According to Dr Choi, a psychologist at Keele University, UK, this bias is having a knock on effect in society where women see exercise as a form of beauty therapy rather than something that is good for their health.

"Mary Pierce was quite vilified by the media for coming into Wimbledon looking quite muscular because she'd been working out in the gym to get stronger for her sport," Dr Choi told the BBC.

"Whereas Anna Kournikova was held up as an exemplary role model for young women tennis players. This is a woman who got knocked out very early on in the tournament but she is being held up and exalted because she conforms to the stereotypical idea of femininity."

'Too muscular'

Dr Choi said there were a number of reasons for such stereotyping:

  • men largely controlling media output;
  • women's fear of not conforming to society's expectations;
  • and the influence of sponsorship deals on women athletes.
Even female bodybuilders came under the same pressures, Dr Choi said.

"Female bodybuilders can be penalised for being too muscular.
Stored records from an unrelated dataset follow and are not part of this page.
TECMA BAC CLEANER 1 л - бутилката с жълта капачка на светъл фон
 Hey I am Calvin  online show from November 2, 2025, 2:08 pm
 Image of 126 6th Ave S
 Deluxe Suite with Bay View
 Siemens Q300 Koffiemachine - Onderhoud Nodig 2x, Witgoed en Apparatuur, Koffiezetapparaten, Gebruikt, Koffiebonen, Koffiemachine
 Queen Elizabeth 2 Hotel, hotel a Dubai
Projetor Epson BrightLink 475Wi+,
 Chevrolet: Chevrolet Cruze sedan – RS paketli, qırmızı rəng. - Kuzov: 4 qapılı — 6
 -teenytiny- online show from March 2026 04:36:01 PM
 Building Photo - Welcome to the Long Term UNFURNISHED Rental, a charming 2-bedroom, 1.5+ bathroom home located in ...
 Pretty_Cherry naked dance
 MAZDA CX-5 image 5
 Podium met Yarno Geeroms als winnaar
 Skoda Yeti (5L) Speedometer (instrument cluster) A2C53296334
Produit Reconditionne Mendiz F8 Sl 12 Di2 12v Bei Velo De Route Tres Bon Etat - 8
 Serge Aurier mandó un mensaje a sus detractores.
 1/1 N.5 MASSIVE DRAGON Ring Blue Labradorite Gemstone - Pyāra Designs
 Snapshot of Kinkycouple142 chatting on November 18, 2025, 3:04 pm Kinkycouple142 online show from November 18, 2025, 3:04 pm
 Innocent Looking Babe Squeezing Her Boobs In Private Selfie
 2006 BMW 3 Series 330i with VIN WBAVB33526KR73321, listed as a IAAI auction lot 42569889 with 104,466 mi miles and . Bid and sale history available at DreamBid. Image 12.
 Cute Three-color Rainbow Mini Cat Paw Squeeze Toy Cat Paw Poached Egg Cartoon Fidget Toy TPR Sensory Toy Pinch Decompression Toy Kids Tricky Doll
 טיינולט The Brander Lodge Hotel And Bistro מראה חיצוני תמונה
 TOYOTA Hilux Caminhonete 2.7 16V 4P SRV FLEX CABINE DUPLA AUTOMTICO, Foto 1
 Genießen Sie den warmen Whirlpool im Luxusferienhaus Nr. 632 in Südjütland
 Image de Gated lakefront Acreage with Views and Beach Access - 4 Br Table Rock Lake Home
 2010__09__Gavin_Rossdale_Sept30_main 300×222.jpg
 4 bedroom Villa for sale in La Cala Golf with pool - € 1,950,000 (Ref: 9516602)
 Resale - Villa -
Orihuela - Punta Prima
That is in effect telling women that there is only so far they can go in a sport.

"It was not so long ago that women were not allowed to run marathons, for example, because it was thought that they couldn't actually run that far."

Dr Choi said a whole cultural shift was needed to address the problem.

"Our society is all about what women look like being more important, and we need to start to change that," she told the British Association's Festival of Science in London.

"Whilst that sounds like a very big project, we can actually, each of us individually, do little things to make it better. For example, in the home, parents can encourage their girls to be as active as their boys.

In schools, children can be given equal access to sports and to equipment."